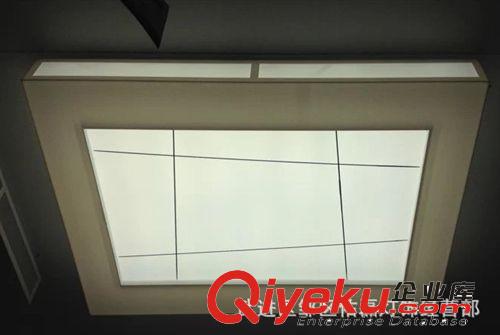 客廳燈創意亞克力燈現代簡約臥室燈長方形led吸頂燈原始圖片2
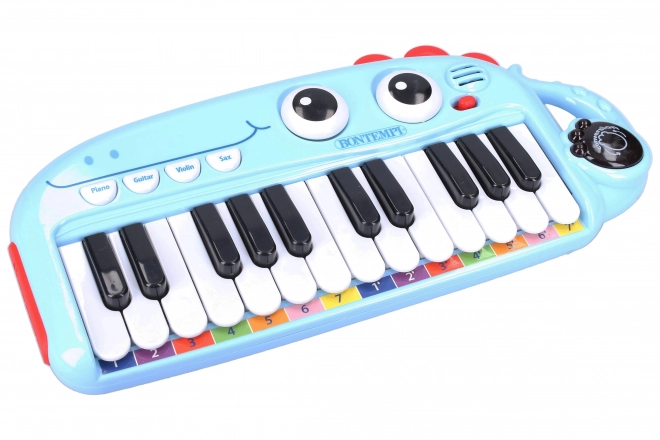 Elektronický klavír modrý od Bontempi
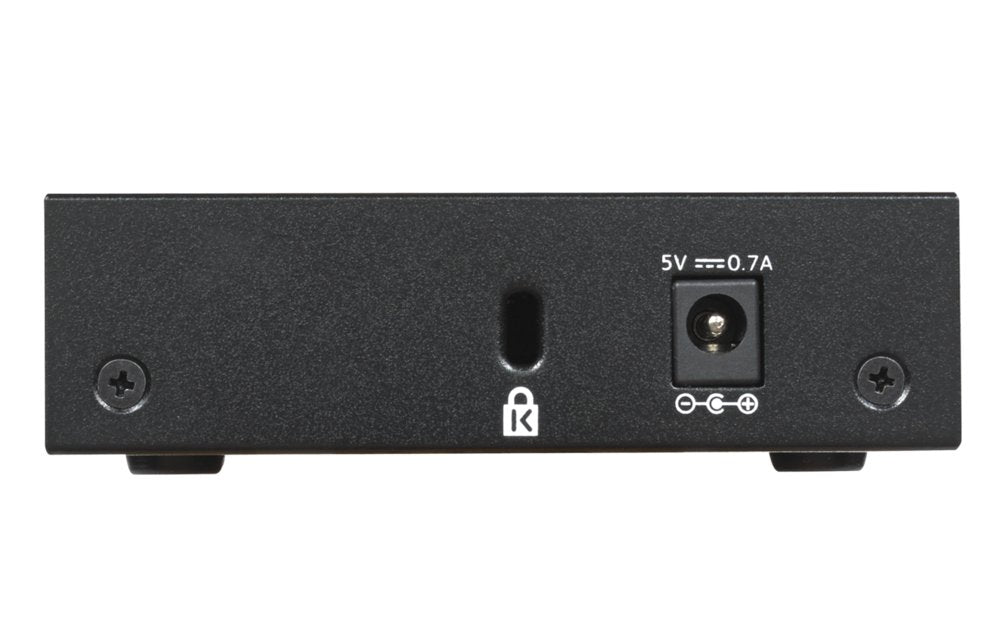 NETGEAR GS305 | Netwerk-switch | Unmanaged | L2 | 5-poorts Gigabit Ethernet (10/100/1000) | Zwart - Matmuis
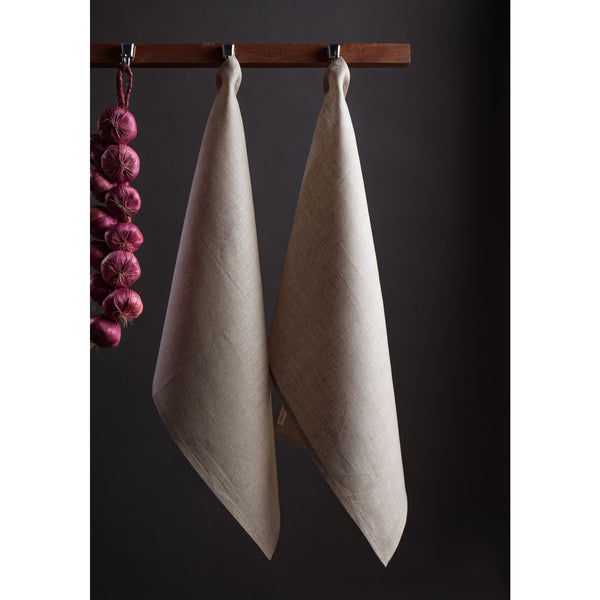 Solino Home Fete Kitchen Towels Natural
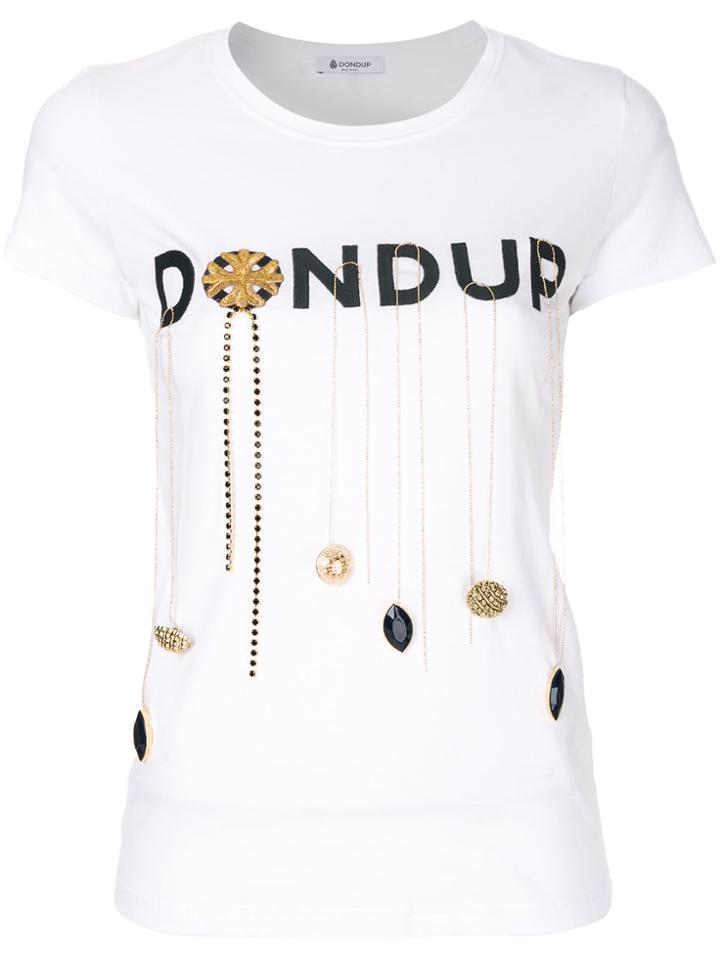 Dondup Gipsy T-shirt - White
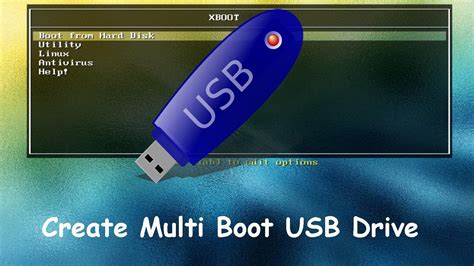 How to Create a MultiBoot USB Flash Drive - YouTube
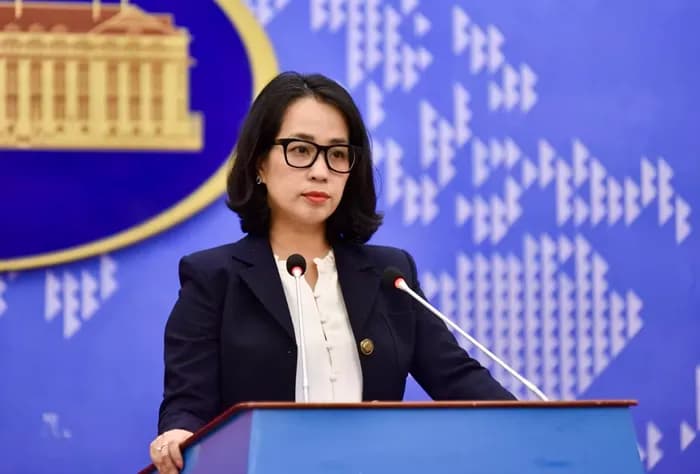 Việt Nam phản đối hành động diễn tập trái phép của Đài Loan tại đảo Ba Bình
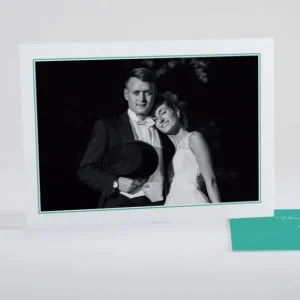 Remerciements mariage Uni & chic*Faire-part Elégant Clearance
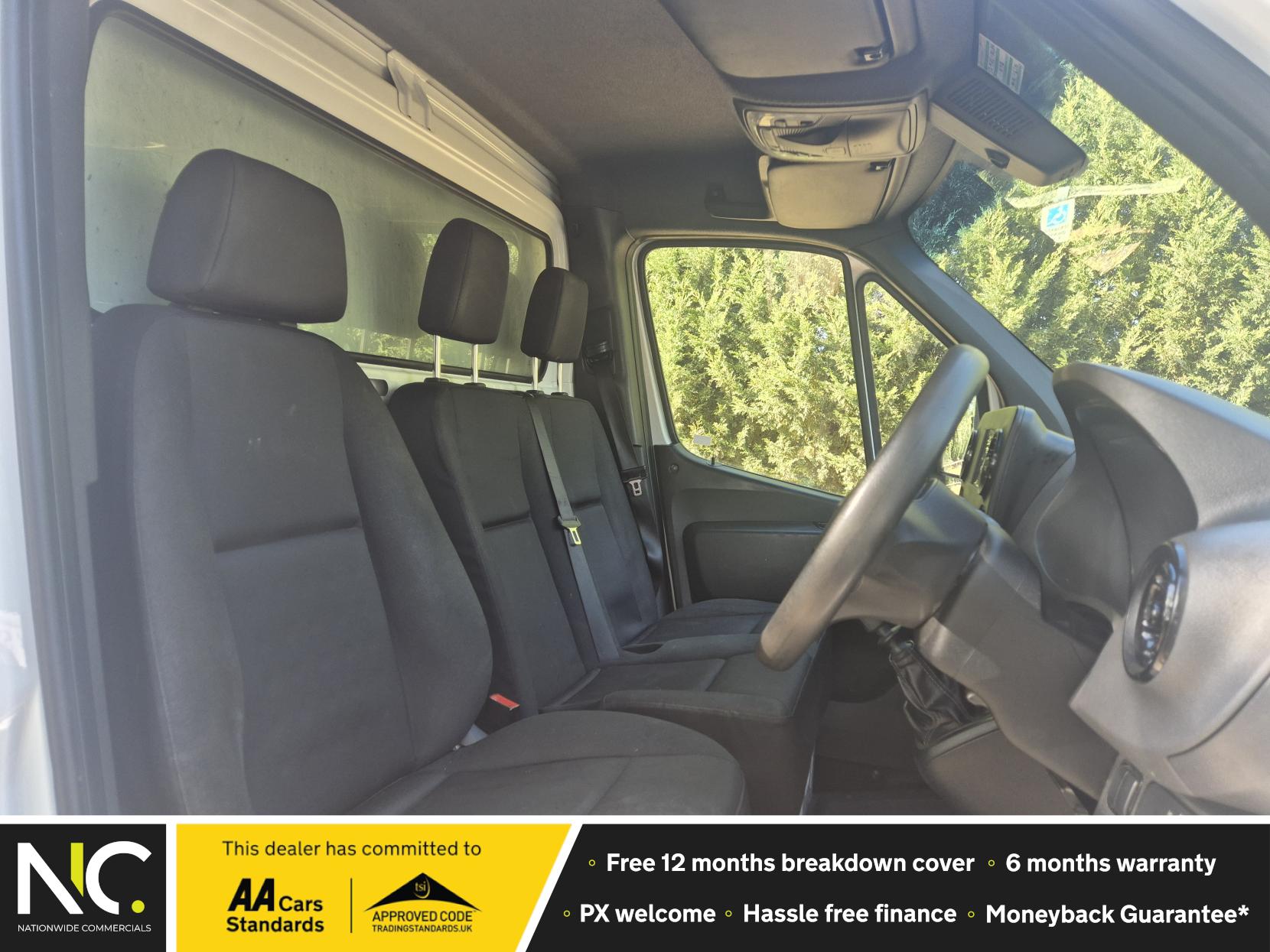 Mercedes-Benz Sprinter 2.1 316 CDI Chassis Cab 2dr Diesel Manual RWD L3 Euro 6 (163 ps)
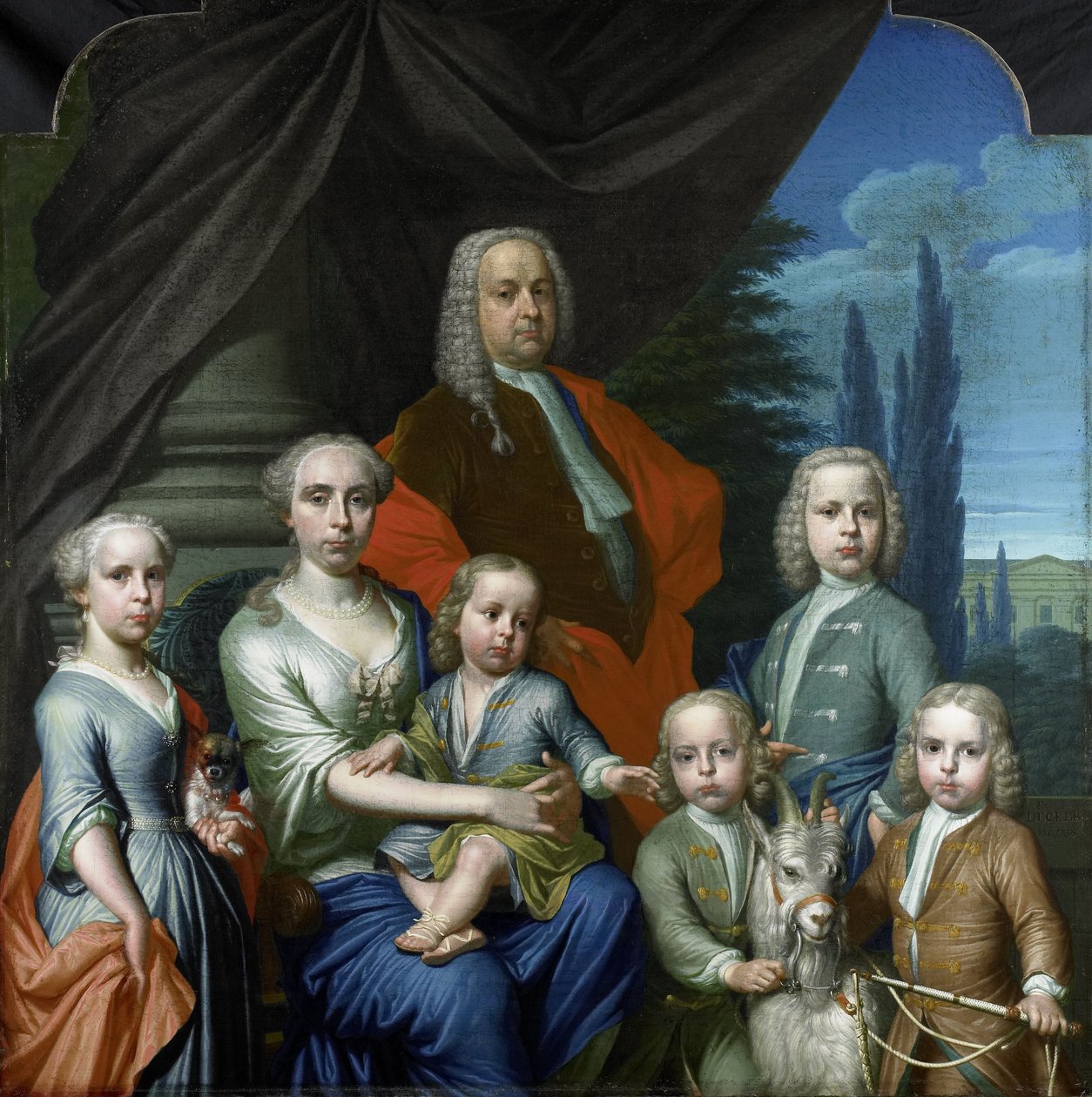 Willem Philip Kops - Frans Decker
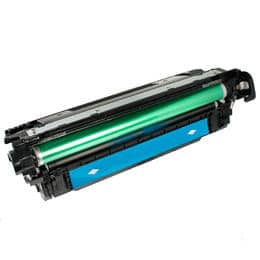 HP 504A cyan toner Kompatibel CE251A - 7.000 sider - HP - Kompatibel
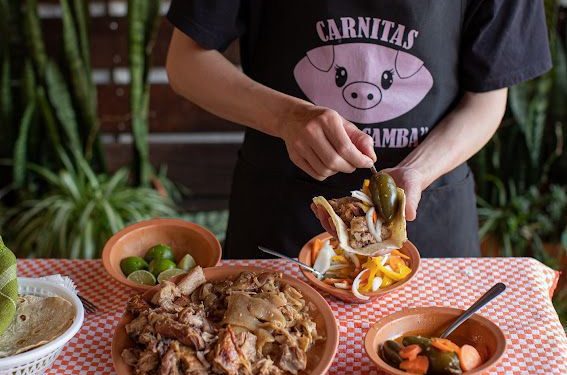 Carnitas, un regalo de Michoacán para México y el mundo: Sedeco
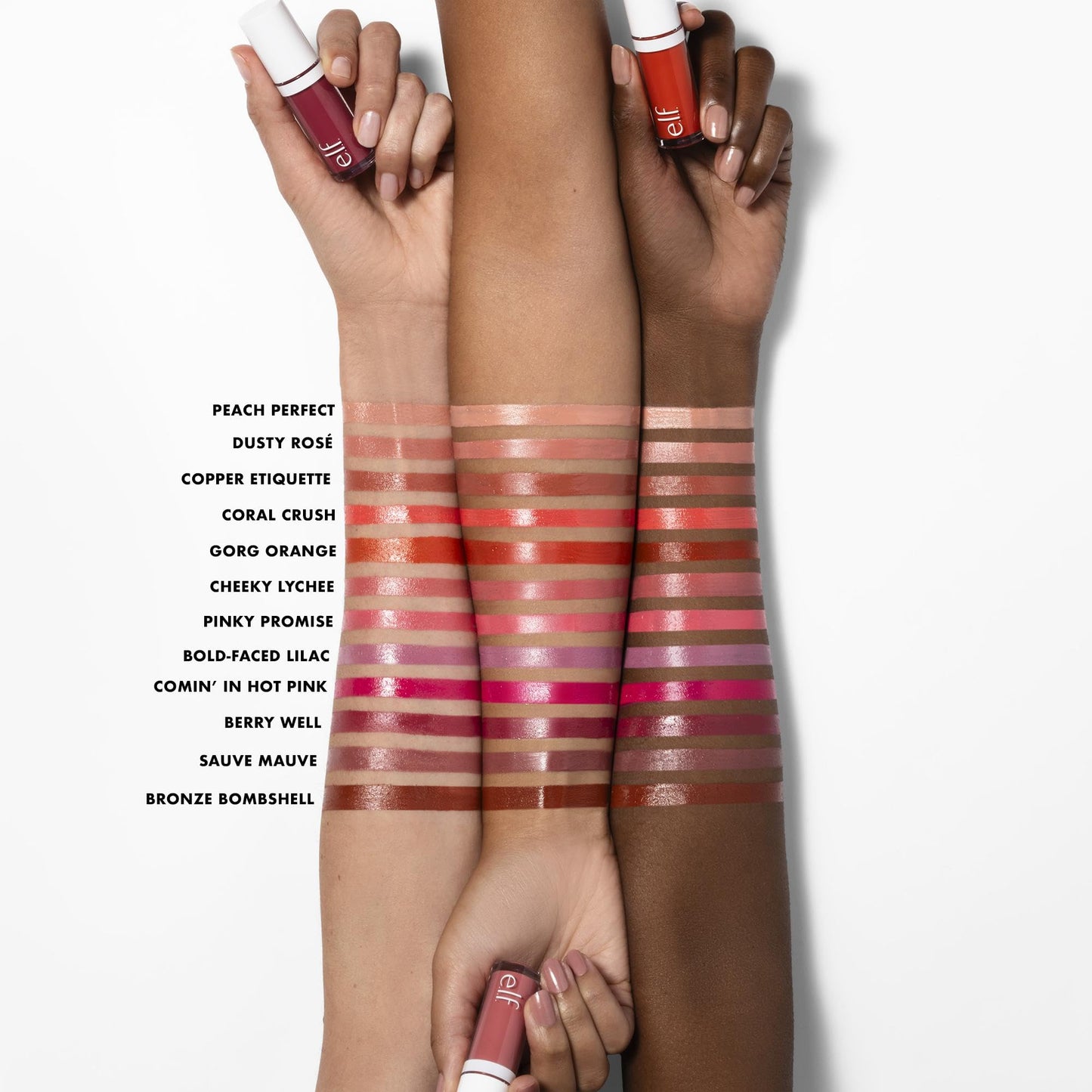 e.l.f. Camo Liquid Blush, Long-lasting Liquid Blush For High-pigment Color, Creates A Soft, Dewy Finish, Vegan & Cruelty-free, Cheeky Lychee - dailyvitalstore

________________________

* [EXERCISE DETAILS] Set down exactly, and only, the lines from the one containing "Mercedes-Benz Sprinter 2.1" through the last line of the entries. Pictures do not belong in the copy.

* [ANSWER TO THE EXERCISE]
 Mercedes-Benz Sprinter 2.1 316 CDI Chassis Cab 2dr Diesel Manual RWD L3 Euro 6 (163 ps)
 Willem Philip Kops - Frans Decker
 HP 504A cyan toner Kompatibel CE251A - 7.000 sider - HP - Kompatibel
 Carnitas, un regalo de Michoacán para México y el mundo: Sedeco
 e.l.f. Camo Liquid Blush, Long-lasting Liquid Blush For High-pigment Color, Creates A Soft, Dewy Finish, Vegan & Cruelty-free, Cheeky Lychee - dailyvitalstore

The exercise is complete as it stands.